Other copies -- my notes for these copies often read "BIG and BOLD" -- create a huge soundfield, with the music positively jumping out of the speakers. They're not brighter, they're not more aggressive, they're not hyped-up in any way, they're just bigger and clearer.
And most of the time those very special pressings just plain more involving. When you hear a copy do what this copy can, it's an entirely different -- and dare I say unforgettable -- listening experience.
What We're Listening For On Masterpieces By Ellington
- Energy for starters.
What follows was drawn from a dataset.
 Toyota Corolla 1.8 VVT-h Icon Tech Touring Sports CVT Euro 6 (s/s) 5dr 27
What could be more important than the life of the music?
- The Big Sound comes next -- wall to wall, lots of depth, huge space, three-dimensionality, all that sort of thing.
- Then transient information -- fast, clear, sharp attacks, not the smear and thickness so common to these LPs.
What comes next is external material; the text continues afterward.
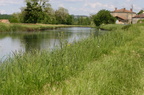 Canal_lateral_15.jpg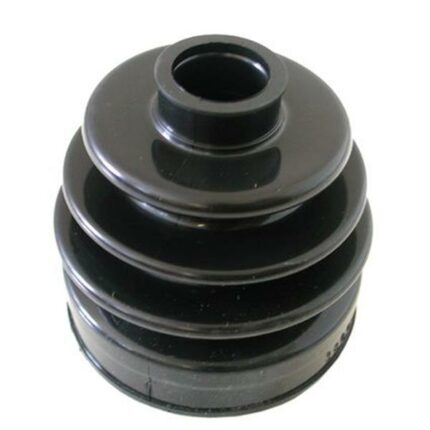 Chrome Vanadium Boot 400K Corola, Sentra, 626, Bantam - CV 33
- Tight, full-bodied bass -- which ties in with good transient information, also the issue of frequency extension further down.
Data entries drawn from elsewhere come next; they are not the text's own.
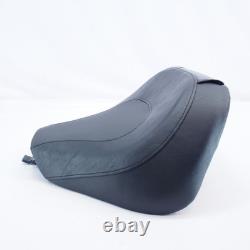 Original Harley FXCWC Softail Rocker C Front Seat
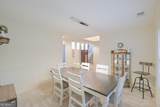 82 Golden Grove Lane - Photo 7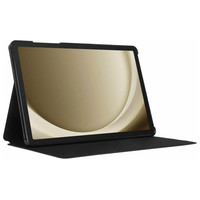 Funda targus thz976gl tablet 11 pulgadas negra-6MR Funda targus thz976gl tablet 11 pulgadas negra
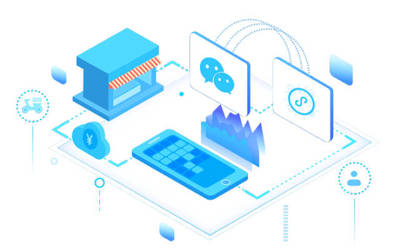 章法網絡科技——您的全網營銷專家與技術開發伙伴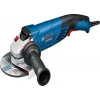 BOSCH GWS 18-150 L 1800W Avuç Taşlama Makinesi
- Next: transparency -- the quality that allows you to hear deep into the soundfield, showing you the space and air around all the instruments.
- Extend the top and bottom and voila, you have The Real Thing -- an honest to goodness Hot Stamper.
Vinyl Condition
Mint Minus Minus is about as quiet as any vintage pressing will play, and since only the right vintage pressings have any hope of sounding good on this album, that will most often be the playing condition of the copies we sell. (The copies that are even a bit noisier get listed on the site are seriously reduced prices or traded back in to the local record stores we shop at.)
Those of you looking for quiet vinyl will have to settle for the sound of other pressings and Heavy Vinyl reissues, purchased elsewhere of course as we have no interest in selling records that don't have the vintage analog magic of these wonderful recordings.
If you want to make the trade-off between bad sound and quiet surfaces with whatever Heavy Vinyl pressing might be available, well, that's certainly your prerogative, but we can't imagine losing what's good about this music -- the size, the energy, the presence, the clarity, the weight -- just to hear it with less background noise.
A Must Own Jazz Record
Masterpieces By Ellington is a recording that should be part of any serious Jazz Collection. Others that belong in that category can be found here.
Side One
- Mood Indigo
- Sophisticated Lady
Side Two
- The Tattooed Bride
- Solitude
AMG 4 1/2 Star Review
Amazingly, it took Columbia Records until the very end of 1950, two years into the LP era and the transition from disc to magnetic tape recording, to get Duke Ellington and His Orchestra into the studio to cut a long-playing record.
For the first time in his recording career, Ellington was able to forego the three-minutes-and-change restrictions in running time of the 78 rpm disc -- he and the band rose to the occasion with extended (11-minute-plus) "uncut concert arrangements" of "Mood Indigo," "Sophisticated Lady," and "Solitude," augmented with one splendid newer work, "The Tattooed Bride."